> Provided material
----------------

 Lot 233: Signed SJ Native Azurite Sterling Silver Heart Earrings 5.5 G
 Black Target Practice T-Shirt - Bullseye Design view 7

----------------

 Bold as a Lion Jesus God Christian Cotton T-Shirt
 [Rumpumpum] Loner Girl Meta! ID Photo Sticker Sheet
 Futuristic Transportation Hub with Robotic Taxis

----------------

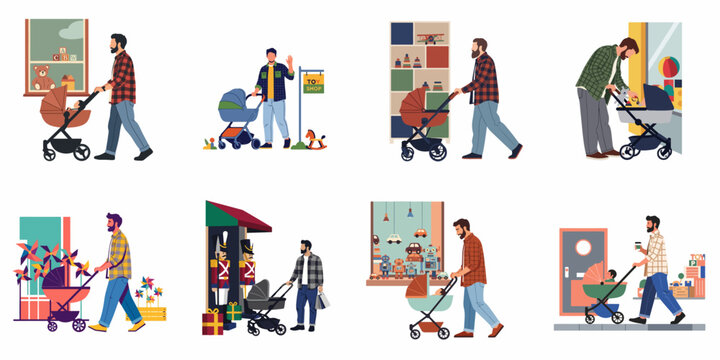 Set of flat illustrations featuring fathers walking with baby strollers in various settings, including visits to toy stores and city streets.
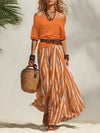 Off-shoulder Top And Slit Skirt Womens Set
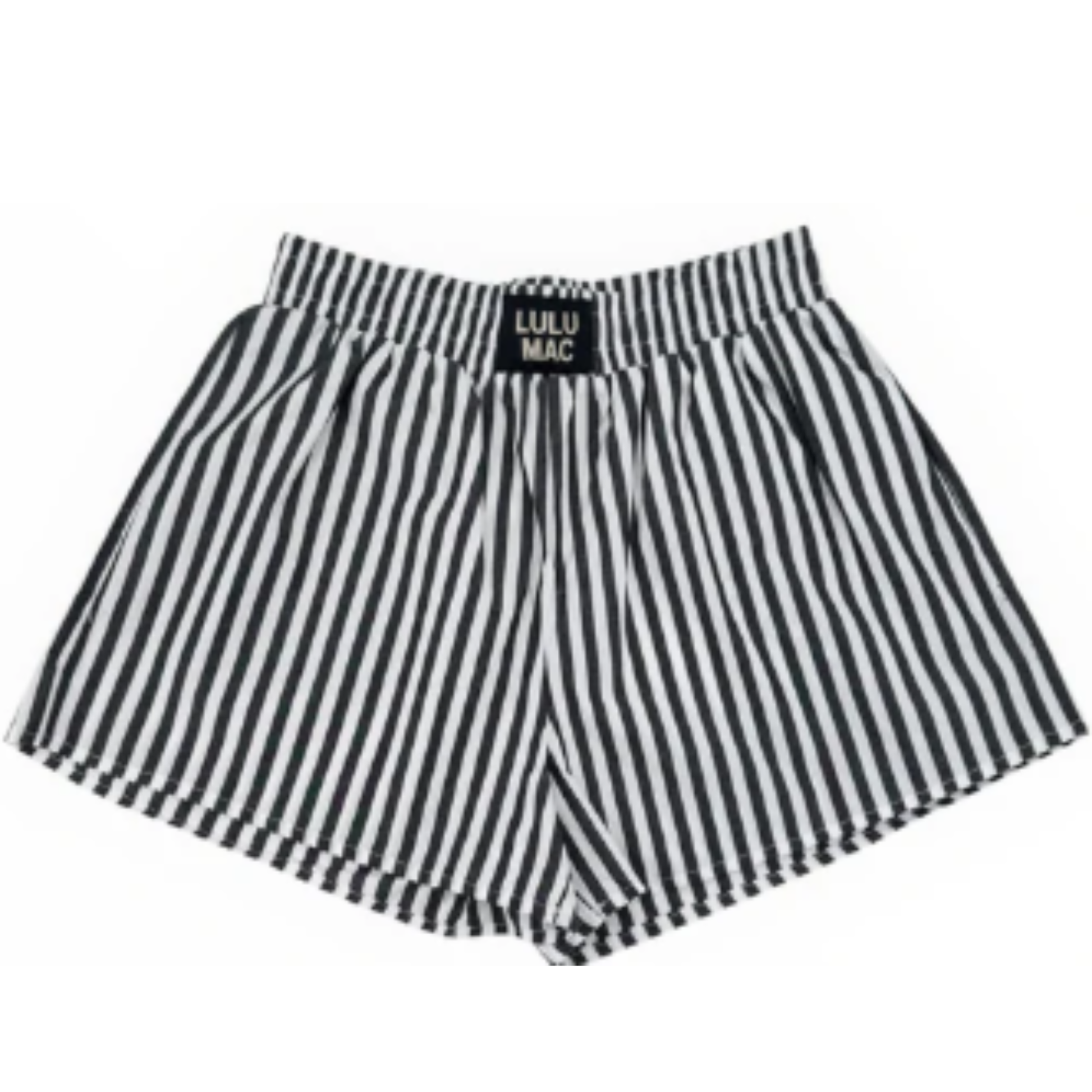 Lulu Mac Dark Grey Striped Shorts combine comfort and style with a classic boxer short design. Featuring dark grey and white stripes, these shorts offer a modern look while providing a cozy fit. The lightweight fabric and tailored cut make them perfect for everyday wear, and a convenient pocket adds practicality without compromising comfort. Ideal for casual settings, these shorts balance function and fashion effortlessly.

----------------

Every line where "Shirt" appears must be returned from the listing above.

> Solution to this task
 Black Target Practice T-Shirt - Bullseye Design view 7
 Bold as a Lion Jesus God Christian Cotton T-Shirt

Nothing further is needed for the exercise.